Case in point was my Dad's amazement seeing not one, not two, but three Nash Metropolitans all sitting together. Built in the '50s, these little two-tone wonders defied the world's trend towards larger vehicles. Plenty of people consider them to be American, but they were actually built by Austin in the West Midlands. They could be had with the 1.2-litre out of an Austin A40, or a more potent 1.5-litre with a top speed of 121km/h.
Also, how good is that Nash Metropolitan–print shirt? Spectacular.
Fast Fords are always a popular thing in this part of the world since they bissect so many different groups of fans.
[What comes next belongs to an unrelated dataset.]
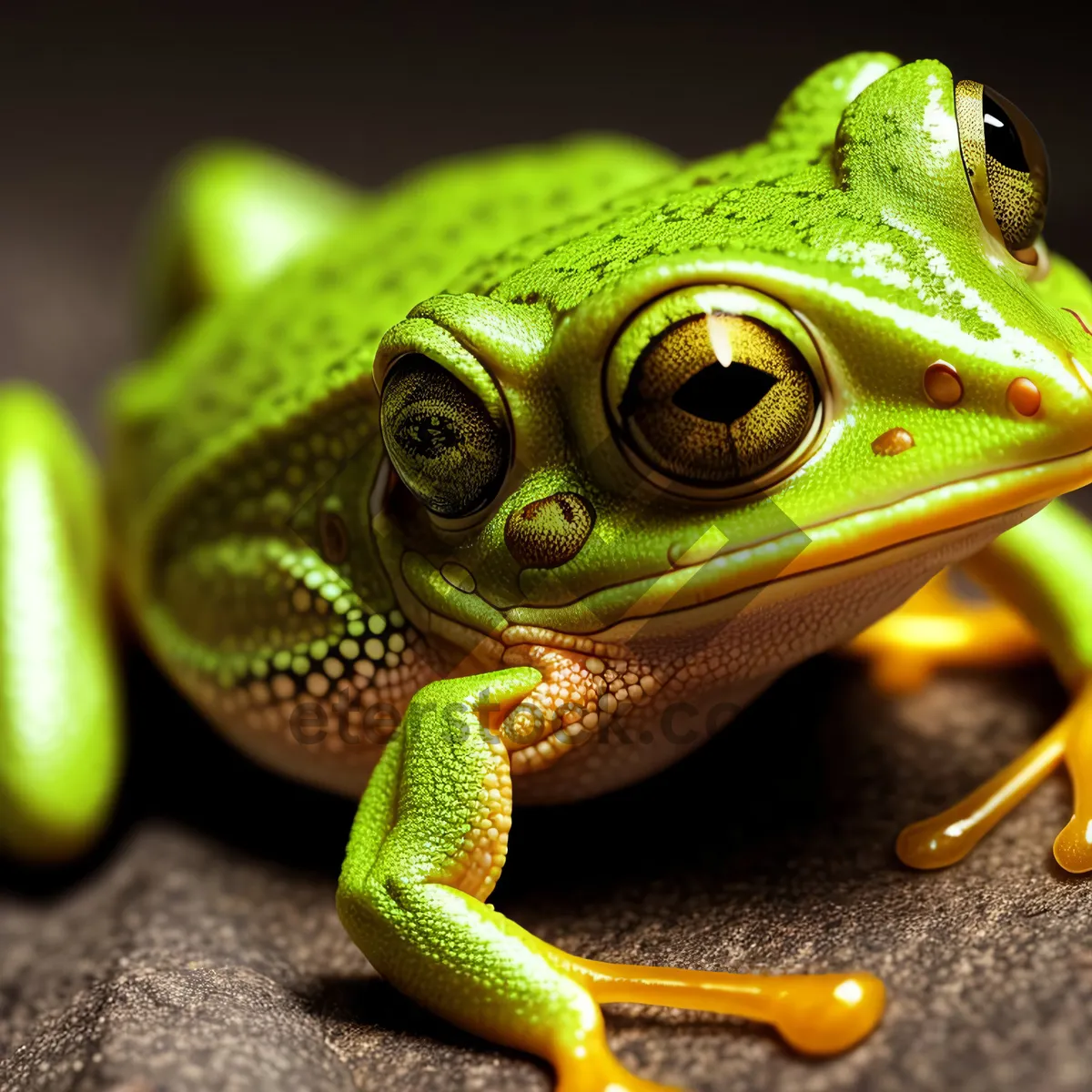 Picture of Vibrant Eyed Tree Frog Close-up: Wildlife Abstraction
Whether you're into Aussie muscle, American muscle, or English balance there's a fuss-free Ford out there for you.
There were plenty of fantastic Fords on show, from Capris to Sierra Cosworths, to a selection of Escort RS Turbos. There was even one gorgeous Escort Mexico in the parking lot, mingling with Corollas and Sentras. This punchy little Laser Sport was among the few race-ready (yet also road legal) rocketships on show, sporting a 1.8-litre Mazda twin-cam engine.
It wouldn't be a show celebrating Britain's best without a selection of Lotuses (sneaky Vauxhall VX220 intruder not withstanding).
As one of the first cars to really grab the 'less is more' sports car engineering philosophy by the gonads, the Lotus Exige will always strike a particular chord with fans of the plucky marque. Most neatly, the trio of Exiges in this snap marked the first time each of the three generations had been parked next to each other in New Zealand.
The 'pick one to take home' game is a dangerous one here. One moment my heart pines for an F355 — one of the most beautiful Ferraris ever made and childhood me's favourite pin-up of the '90s. On the other hand, there's something so charming about all those Minis, and maybe even the Hillman Imp panel van.
Tri-spoke wheels are impossible to say no to, making those Saab 900s massively tempting. The Daytona, flawed as a car it may be, remains a wonderful thing to look at. The savage TVR Sagaris is no doubt brimming with novelty and brutish attitude. In similar blue hues the Alpine (pronounced 'Alpeen') twins looked so right parked next to one another.
Hmmm, rats. Might have to go again next year.